What's needed is the listing below, repeated word for word with no pictures.

BEGIN SOURCE MATERIAL

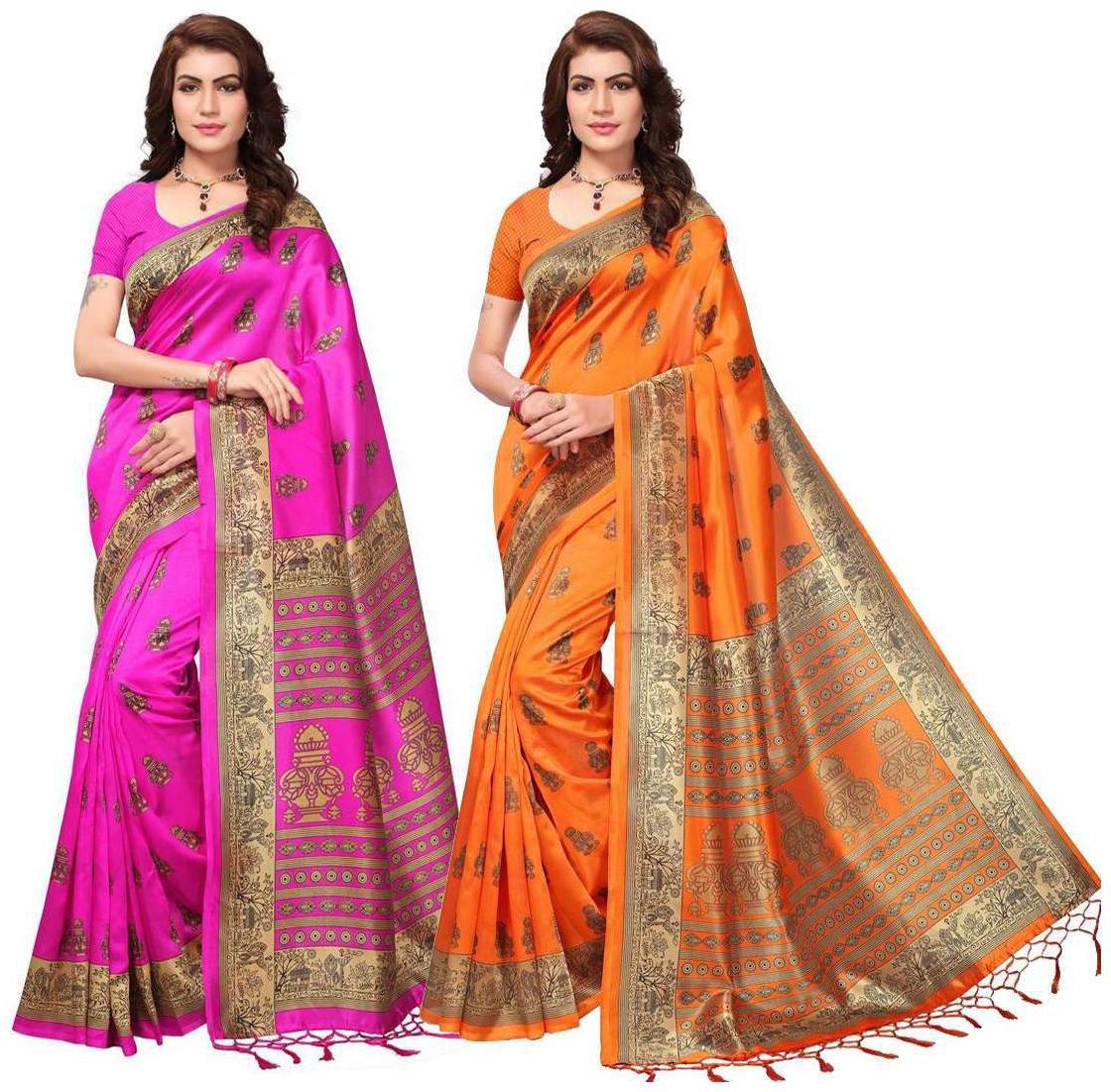 

Indian Beauty Women s Multi Color Mysore Silk With Jhalar Saree With Blouse Piece (Pack Of 2) Sarees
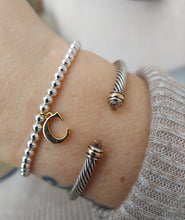 Load image into Gallery viewer, Silver Beads with Gold Letter - Stretch Bracelet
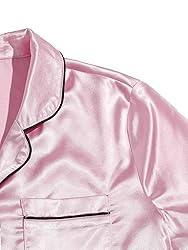 WDIRARA Women's Sleepwear Satin Short Sleeve Shirt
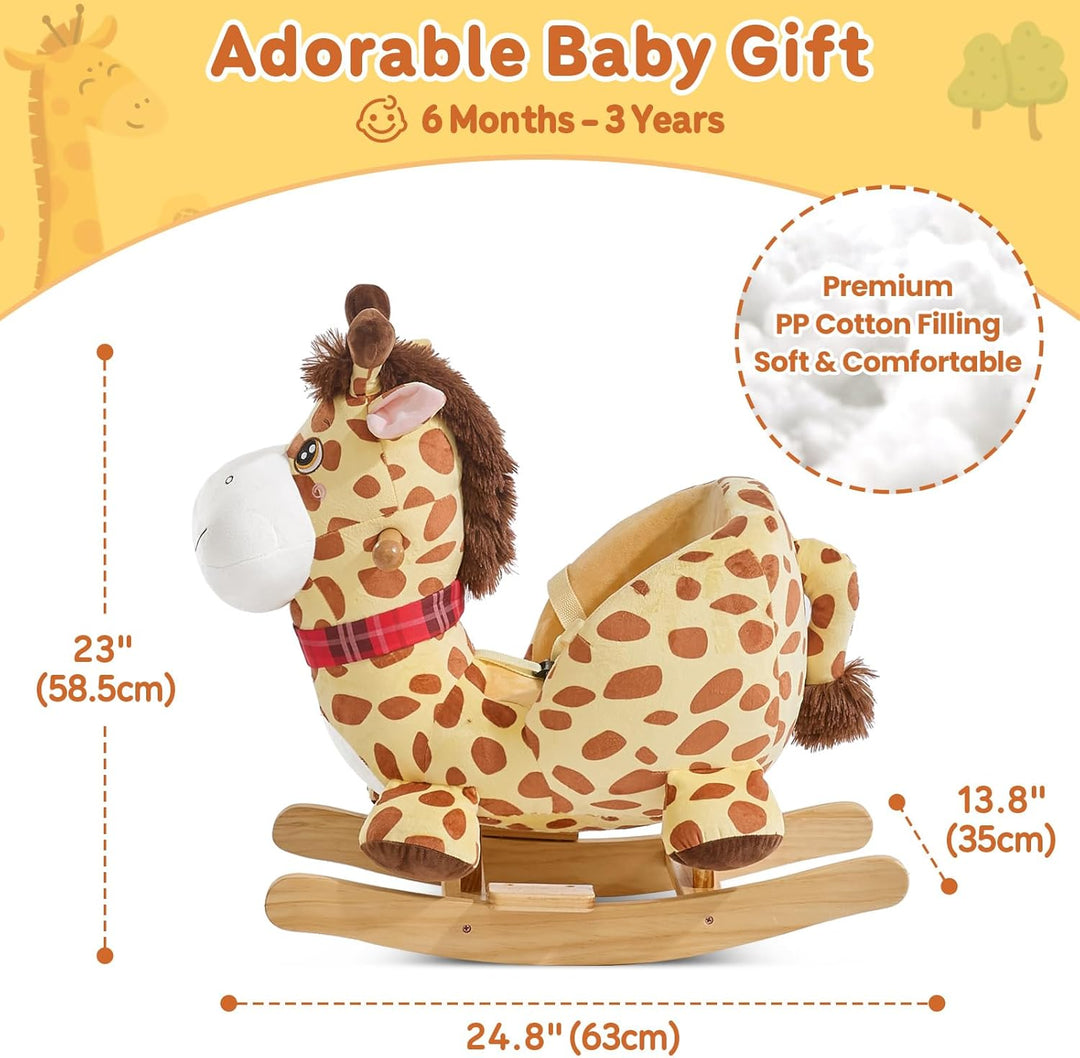 FUNLIO Giraffen-Baby-Schaukelpferd für Kleinkinder von 6 Monaten bis 3 Jahren, Plüschtier zum Aufsit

END SOURCE MATERIAL

WRITTEN RESPONSE:
Indian Beauty Women s Multi Color Mysore Silk With Jhalar Saree With Blouse Piece (Pack Of 2) Sarees
 Load image into Gallery viewer, Silver Beads with Gold Letter - Stretch Bracelet
 WDIRARA Women's Sleepwear Satin Short Sleeve Shirt
 FUNLIO Giraffen-Baby-Schaukelpferd für Kleinkinder von 6 Monaten bis 3 Jahren, Plüschtier zum Aufsit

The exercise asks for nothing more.